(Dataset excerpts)
-*-

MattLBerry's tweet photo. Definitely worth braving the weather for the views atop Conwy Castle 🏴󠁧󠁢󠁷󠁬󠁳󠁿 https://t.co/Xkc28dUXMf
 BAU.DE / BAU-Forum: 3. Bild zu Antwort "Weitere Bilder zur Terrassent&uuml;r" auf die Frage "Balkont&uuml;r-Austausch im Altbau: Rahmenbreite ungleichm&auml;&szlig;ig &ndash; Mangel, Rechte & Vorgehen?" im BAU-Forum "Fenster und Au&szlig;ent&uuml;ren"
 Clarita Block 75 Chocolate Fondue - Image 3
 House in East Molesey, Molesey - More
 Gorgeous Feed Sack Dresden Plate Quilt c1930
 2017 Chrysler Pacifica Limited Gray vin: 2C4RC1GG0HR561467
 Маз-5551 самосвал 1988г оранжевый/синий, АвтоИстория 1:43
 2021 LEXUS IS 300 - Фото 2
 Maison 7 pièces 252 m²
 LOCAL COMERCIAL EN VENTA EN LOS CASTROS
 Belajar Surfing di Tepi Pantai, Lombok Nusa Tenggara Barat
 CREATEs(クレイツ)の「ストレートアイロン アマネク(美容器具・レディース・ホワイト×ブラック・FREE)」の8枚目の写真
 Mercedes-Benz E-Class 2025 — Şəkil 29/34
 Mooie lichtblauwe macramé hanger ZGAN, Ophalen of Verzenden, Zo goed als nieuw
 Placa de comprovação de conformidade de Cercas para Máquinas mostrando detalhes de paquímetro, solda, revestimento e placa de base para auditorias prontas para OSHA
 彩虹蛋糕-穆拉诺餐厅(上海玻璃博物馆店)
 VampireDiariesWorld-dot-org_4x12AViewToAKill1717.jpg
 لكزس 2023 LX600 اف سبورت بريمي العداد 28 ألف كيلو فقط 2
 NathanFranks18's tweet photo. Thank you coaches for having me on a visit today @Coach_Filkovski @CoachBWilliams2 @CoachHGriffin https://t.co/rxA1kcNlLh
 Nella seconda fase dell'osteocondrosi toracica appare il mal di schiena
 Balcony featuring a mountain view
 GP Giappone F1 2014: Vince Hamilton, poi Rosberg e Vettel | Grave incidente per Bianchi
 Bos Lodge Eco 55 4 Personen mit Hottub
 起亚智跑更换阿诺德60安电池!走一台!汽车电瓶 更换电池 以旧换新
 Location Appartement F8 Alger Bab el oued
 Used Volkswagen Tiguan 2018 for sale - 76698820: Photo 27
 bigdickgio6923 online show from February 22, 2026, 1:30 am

-*-

Problem to solve
Copy out only the lines running from the beginning of the data to the line with "CREATEs(クレイツ)の", both ends included.

Answer box
MattLBerry's tweet photo. Definitely worth braving the weather for the views atop Conwy Castle 🏴󠁧󠁢󠁷󠁬󠁳󠁿 https://t.co/Xkc28dUXMf
 BAU.DE / BAU-Forum: 3. Bild zu Antwort "Weitere Bilder zur Terrassent&uuml;r" auf die Frage "Balkont&uuml;r-Austausch im Altbau: Rahmenbreite ungleichm&auml;&szlig;ig &ndash; Mangel, Rechte & Vorgehen?" im BAU-Forum "Fenster und Au&szlig;ent&uuml;ren"
 Clarita Block 75 Chocolate Fondue - Image 3
 House in East Molesey, Molesey - More
 Gorgeous Feed Sack Dresden Plate Quilt c1930
 2017 Chrysler Pacifica Limited Gray vin: 2C4RC1GG0HR561467
 Маз-5551 самосвал 1988г оранжевый/синий, АвтоИстория 1:43
 2021 LEXUS IS 300 - Фото 2
 Maison 7 pièces 252 m²
 LOCAL COMERCIAL EN VENTA EN LOS CASTROS
 Belajar Surfing di Tepi Pantai, Lombok Nusa Tenggara Barat
 CREATEs(クレイツ)の「ストレートアイロン アマネク(美容器具・レディース・ホワイト×ブラック・FREE)」の8枚目の写真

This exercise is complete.